An important application of structural connectivity is the delineation of functionally specialized clusters of brain regions based on their structural connectivity patterns. Importantly, connectivity-based parcellation can be obtained *in vivo*, contrasting it with other methods such as histological analysis of cytoarchitecture [12, 13]. Other non-invasive methods that delineate structural cortical boundaries exist, based on identification of major anatomical landmarks, but these approaches have been shown to be susceptible to large inter-subject variability [14]. Intuitively, a cluster consists of a set of regions that are more similar to other regions in the cluster than to regions outside of it, but this idea can be operationalized in different ways.

Under the first interpretation, which we refer to as *profile-based clustering*, regions may be clustered based on similarity of their connectivity profiles (e.g. [15–19], or see [20] for a literature review).
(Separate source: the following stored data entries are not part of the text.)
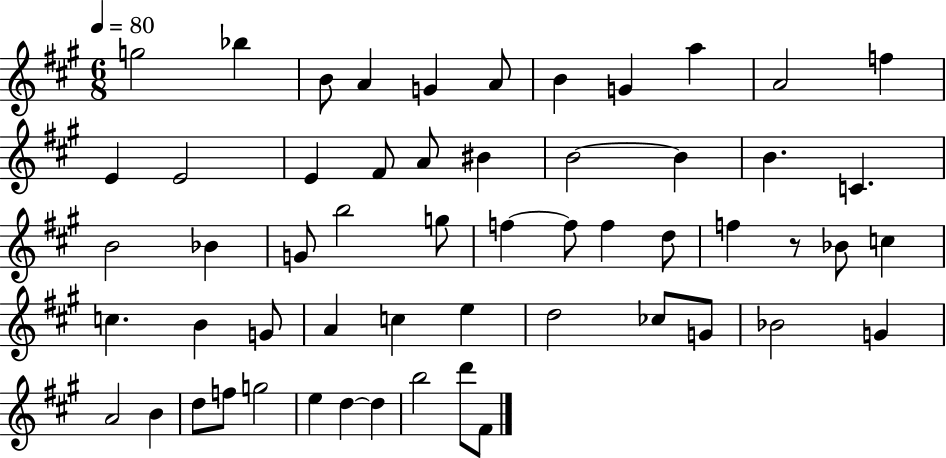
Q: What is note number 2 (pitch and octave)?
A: Bb5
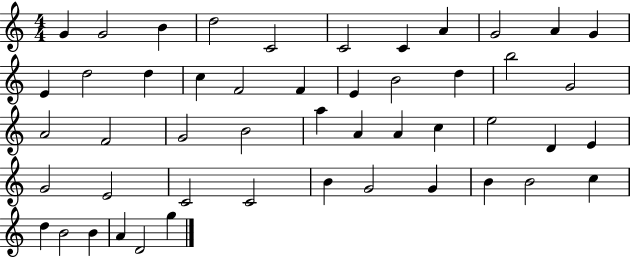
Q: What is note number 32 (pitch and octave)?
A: D4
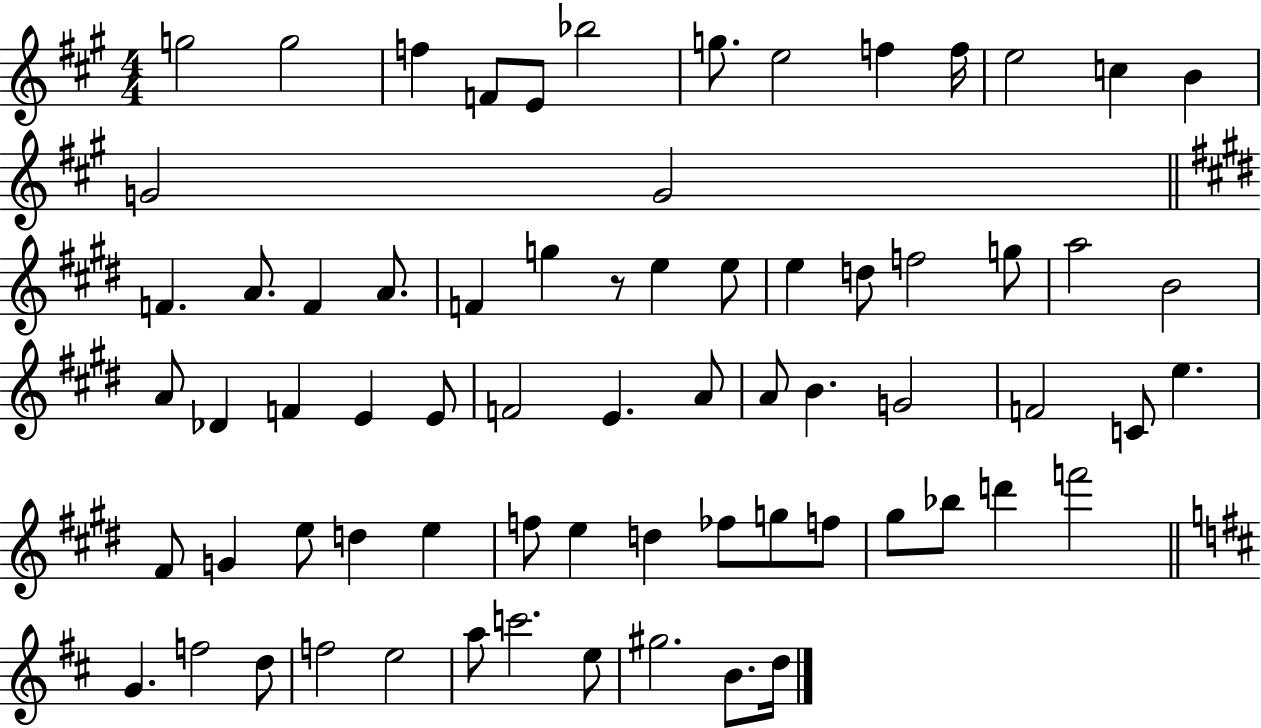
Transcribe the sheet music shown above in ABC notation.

X:1
T:Untitled
M:4/4
L:1/4
K:A
g2 g2 f F/2 E/2 _b2 g/2 e2 f f/4 e2 c B G2 G2 F A/2 F A/2 F g z/2 e e/2 e d/2 f2 g/2 a2 B2 A/2 _D F E E/2 F2 E A/2 A/2 B G2 F2 C/2 e ^F/2 G e/2 d e f/2 e d _f/2 g/2 f/2 ^g/2 _b/2 d' f'2 G f2 d/2 f2 e2 a/2 c'2 e/2 ^g2 B/2 d/4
In other words, it assumes that regions in the same cluster connect with the same areas. Several studies have used this approach to parcellate regions of interest such as the frontal pole [21], posteromedial cortex [22], occipital lobes [23], cingulate cortex [24] and thalamus [25–27]. Note that in this interpretation of connectivity-based clusters, regions within a cluster are not necessarily mutually connected. Implicitly, this approach aims to find regions that similarly integrate information from other parts of the brain.

Under the second interpretation, which we refer to as *community-based clustering*, parcellations are taken to consist of densely connected clusters that are only sparsely connected to regions outside the cluster. This approach is typically used for whole-brain parcellation [28–32]. Here, one implicitly assumes that clusters are structurally (and thus, indirectly, functionally) specialized and mostly interact with the other regions in their respective cluster.

Either operationalization of connectivity-based clustering is applicable to the human brain. As a consequence, choosing either perspective may hinder finding meaningful clusters that only adhere to the other definition of a cluster. Furthermore, clustering behavior may not be uniform across the brain, and instead may be a mixture of profile-based and community-based clusters. In this study we introduce a probabilistic model that is able to parcellate structural connectivity and is sufficiently flexible to incorporate the different cluster interpretations. The model reveals community-based clusters in the human connectome, but also a set of nodes that are assigned to small profile-based clusters that function as hubs. These small clusters all contain regions that have been labeled the ‘rich club’ [33]. In addition, we find that the whole-brain parcellations which the model provides, are up to par with algorithms that have previously been used to parcellate connectivity. Moreover, in contrast to parcellations obtained with the other approaches, parcellations estimated by the probabilistic model can be obtained without the need to choose the number of clusters in advance. Finally, because the model is probabilistic, it is able to explicitly represent the uncertainty in the obtained parcellations. These visualizations show that the cluster assignment for particular regions is uncertain, indicating that care should be taken when interpreting connectivity-based parcellations obtained using alternative deterministic procedures.

## Probabilistic model for connectivity-based clustering

First, we describe a probabilistic model for clustering based on structural connectivity. Next, we extend this model to allow for direct estimation of cluster structure from probabilistic tractography data. The complete model is shown in Fig. 1A.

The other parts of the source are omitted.